Quando si parla di pensioni le brutte notizie sembrano non avere mai fine: dal prossimo anno milioni di italiani potrebbero ricevere un assegno molto più basso.
Dal 2025 ci saremmo aspettati di più sul fronte delle pensioni, questo è innegabile. Ci saremmo aspettati qualche riforma forse un po’ più incisiva che ci consentisse di lasciarci alle spalle la legge Fornero. Purtroppo le risorse statali non hanno reso possibile questo passo nemmeno quest’anno.
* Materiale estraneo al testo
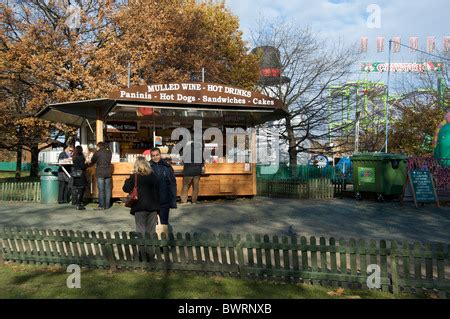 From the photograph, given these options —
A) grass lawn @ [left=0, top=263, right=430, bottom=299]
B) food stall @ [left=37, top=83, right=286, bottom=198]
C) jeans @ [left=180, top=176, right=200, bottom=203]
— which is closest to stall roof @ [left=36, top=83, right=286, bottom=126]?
food stall @ [left=37, top=83, right=286, bottom=198]

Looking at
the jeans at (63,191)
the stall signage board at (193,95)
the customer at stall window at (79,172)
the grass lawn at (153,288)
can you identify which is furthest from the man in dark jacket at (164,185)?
the jeans at (63,191)

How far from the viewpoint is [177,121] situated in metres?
17.9

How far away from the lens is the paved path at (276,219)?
32.3ft

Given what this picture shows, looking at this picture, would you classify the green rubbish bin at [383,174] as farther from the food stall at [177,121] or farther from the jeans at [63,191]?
the jeans at [63,191]

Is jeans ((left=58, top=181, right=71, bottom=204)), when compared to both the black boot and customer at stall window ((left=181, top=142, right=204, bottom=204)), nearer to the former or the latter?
the black boot

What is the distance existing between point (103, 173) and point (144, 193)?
22.0 ft

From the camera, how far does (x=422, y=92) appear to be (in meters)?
34.5

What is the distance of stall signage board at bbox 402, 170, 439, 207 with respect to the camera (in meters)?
14.7

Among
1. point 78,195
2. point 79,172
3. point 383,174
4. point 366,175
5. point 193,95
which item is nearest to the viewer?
point 79,172

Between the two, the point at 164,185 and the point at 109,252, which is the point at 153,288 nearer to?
the point at 109,252

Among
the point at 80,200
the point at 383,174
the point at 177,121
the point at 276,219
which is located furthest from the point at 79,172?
the point at 383,174

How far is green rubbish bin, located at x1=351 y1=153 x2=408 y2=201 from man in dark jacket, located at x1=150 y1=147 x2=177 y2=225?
10.1 metres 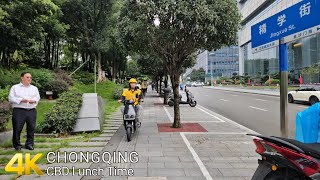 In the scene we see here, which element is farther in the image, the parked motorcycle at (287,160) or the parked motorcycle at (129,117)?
the parked motorcycle at (129,117)

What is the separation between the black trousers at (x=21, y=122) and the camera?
21.1 feet

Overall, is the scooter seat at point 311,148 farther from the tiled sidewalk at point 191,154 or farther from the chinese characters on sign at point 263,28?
the chinese characters on sign at point 263,28

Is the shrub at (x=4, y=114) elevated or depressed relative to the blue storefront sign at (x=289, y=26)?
depressed

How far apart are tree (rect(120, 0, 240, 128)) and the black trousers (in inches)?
158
Sarà il 2026 l’anno della svolta? Le intenzioni a Palazzo Chigi ci sono tutte: da mesi il premier Giorgia Meloni e il suo team lavorano a proposte che consentano una maggiore flessibilità in uscita per tutti. Ciò significherebbe uscire dai rigidi schemi imposti dalla Fornero e tornare a mettere al primo posto i contributi versati piuttosto che l’età.
Purtroppo, tuttavia, ogni cosa a questo mondo ha un prezzo e il prezzo di una maggiore flessibilità potrebbe essere quello di accettare assegni previdenziali decurtati. Tra le proposte sul tavolo dell’Esecutivo è tornata quella di estendere a tutti Quota 41 ma solo a patto di fare grandi tagli.
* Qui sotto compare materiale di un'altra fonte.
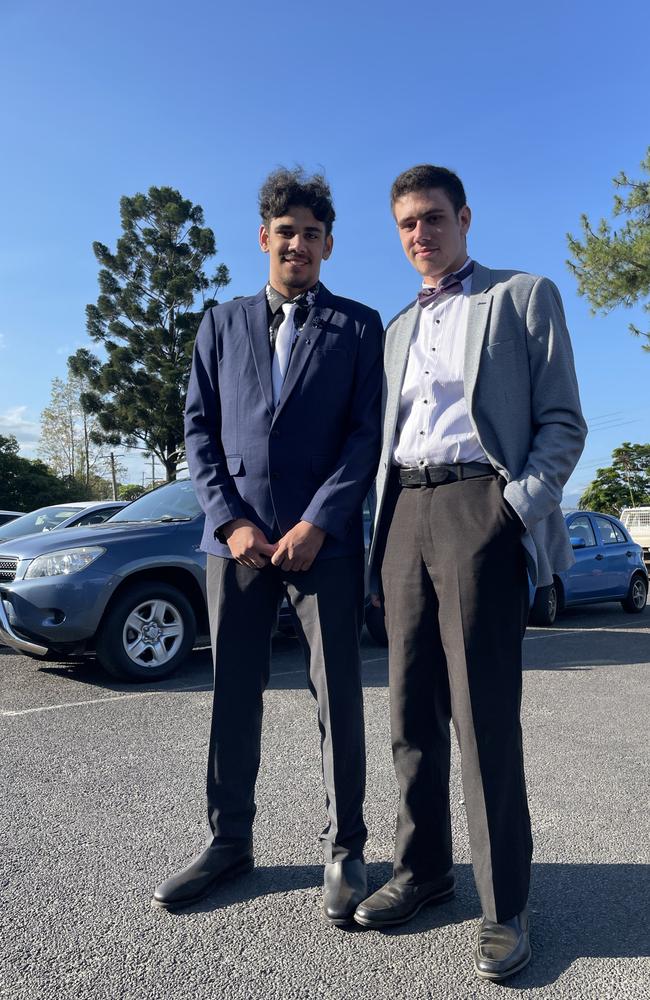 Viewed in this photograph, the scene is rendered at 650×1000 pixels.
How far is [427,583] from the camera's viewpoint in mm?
2529

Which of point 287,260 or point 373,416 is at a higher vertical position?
point 287,260

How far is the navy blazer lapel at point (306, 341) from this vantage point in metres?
2.78

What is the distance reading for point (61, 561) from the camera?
20.0ft

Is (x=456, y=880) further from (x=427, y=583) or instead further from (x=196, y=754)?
(x=196, y=754)

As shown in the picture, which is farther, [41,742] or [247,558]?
[41,742]

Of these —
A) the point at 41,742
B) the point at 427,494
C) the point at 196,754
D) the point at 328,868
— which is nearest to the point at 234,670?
the point at 328,868

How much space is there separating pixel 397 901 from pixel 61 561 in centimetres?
428

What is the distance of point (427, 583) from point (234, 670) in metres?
0.72

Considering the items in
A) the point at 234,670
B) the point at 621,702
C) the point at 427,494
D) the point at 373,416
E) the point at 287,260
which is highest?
the point at 287,260

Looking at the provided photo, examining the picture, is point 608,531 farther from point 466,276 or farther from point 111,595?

Pensioni più basse: ecco per chi
Dal 2026 molte persone potrebbero vedere il loro assegno previdenziale pesantemente decurtato nonostante 41 anni di duro lavoro e sacrifici. Il prezzo da pagare in nome della flessibilità sembra essere questo. Ci saranno alternative? Al momento non sembra.

Da anni si parla di estendere a tutte le categorie lavorative Quota 41, misura che al momento si rivolge solo a:
- caregiver;
- lavoratori con invalidità pari o superiore al 74%;
- disoccupati:
- addetti al lavori usuranti.
Quota 41 ha l’enorme vantaggio di non avere alcun requisito anagrafico: una volta raggiunti i 41 anni di contributi – di cui almeno uno prima di aver compiuto 19 anni – il soggetto può andare in pensione a qualunque età, anche a 59 anni. Estenderla a tutti significherebbe mettere fortemente in crisi le casse dell’Inps a causa dei massicci flussi in uscita dal mondo del lavoro. Per ogni persona che fruisce di questa scappatoia, infatti, l’Inps deve erogare assegni per molti più anni.
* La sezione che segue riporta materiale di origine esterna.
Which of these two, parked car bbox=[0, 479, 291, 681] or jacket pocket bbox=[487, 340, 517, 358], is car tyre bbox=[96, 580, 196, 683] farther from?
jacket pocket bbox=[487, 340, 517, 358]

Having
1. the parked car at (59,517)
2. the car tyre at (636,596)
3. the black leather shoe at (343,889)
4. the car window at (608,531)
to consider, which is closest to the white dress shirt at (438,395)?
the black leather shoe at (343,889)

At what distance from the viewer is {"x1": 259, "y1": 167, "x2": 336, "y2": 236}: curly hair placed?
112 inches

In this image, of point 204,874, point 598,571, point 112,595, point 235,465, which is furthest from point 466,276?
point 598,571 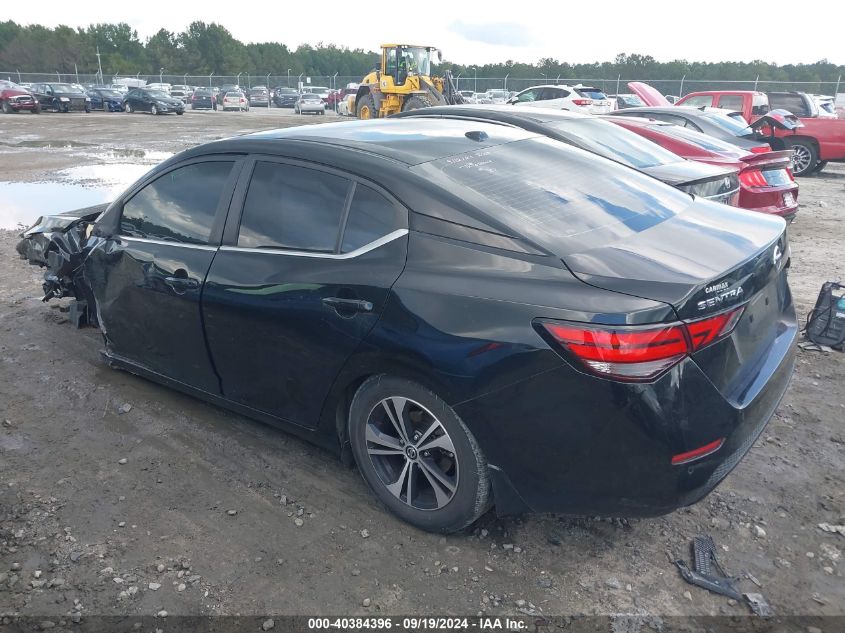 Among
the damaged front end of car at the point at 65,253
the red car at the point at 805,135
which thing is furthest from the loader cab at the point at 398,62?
the damaged front end of car at the point at 65,253

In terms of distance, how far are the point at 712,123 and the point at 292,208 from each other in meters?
8.42

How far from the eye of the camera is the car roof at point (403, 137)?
320 centimetres

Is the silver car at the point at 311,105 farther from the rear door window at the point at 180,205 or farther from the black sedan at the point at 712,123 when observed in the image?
the rear door window at the point at 180,205

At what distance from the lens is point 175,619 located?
2.54m

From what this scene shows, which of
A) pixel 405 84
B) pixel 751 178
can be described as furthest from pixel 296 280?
pixel 405 84

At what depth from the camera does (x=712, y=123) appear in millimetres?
9695

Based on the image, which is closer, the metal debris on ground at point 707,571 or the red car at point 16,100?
the metal debris on ground at point 707,571

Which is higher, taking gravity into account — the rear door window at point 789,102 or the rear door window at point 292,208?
the rear door window at point 789,102

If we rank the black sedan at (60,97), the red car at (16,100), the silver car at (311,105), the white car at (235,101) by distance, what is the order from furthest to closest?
the white car at (235,101) → the silver car at (311,105) → the black sedan at (60,97) → the red car at (16,100)

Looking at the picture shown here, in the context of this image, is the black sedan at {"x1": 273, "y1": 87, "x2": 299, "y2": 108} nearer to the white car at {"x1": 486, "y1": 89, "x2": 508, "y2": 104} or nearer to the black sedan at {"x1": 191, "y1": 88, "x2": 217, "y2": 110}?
the black sedan at {"x1": 191, "y1": 88, "x2": 217, "y2": 110}

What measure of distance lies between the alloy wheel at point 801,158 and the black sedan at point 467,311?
1295 cm

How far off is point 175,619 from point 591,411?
1.76 meters

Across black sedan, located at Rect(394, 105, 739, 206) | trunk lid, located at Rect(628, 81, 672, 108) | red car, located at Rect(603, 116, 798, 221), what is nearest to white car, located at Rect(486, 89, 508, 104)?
trunk lid, located at Rect(628, 81, 672, 108)

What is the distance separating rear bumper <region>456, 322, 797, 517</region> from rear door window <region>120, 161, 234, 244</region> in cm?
186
Che fare allora? Sul tavolo delle proposte ha fatto capolino quella di una Quota 41 flessibile. In pratica una sorta di copia di Quota 103: tutti in pensione a 62 anni con 41 anni di contributi. A differenza di Quota 103 non vi sarebbe il ricalcolo contributivo dell’assegno ma una decurtazione del 2% per ogni anno di anticipo rispetto ai 67 anni.
Pertanto se una persona decidesse di andare in pensione a 62 anni dopo 41 anni di lavoro, si troverebbe con un assegno decurtato del 10%. Taglio che, tuttavia, non verrebbe applicato per coloro con un Isee inferiore a 35.000 euro. Per il momento non vi è nulla di certo, sono solo ipotesi ancora oggetto di valutazione e studio. Se questa proposta passasse Quota 41 verrebbe certamente estesa a tutti ma anche completamente stravolta.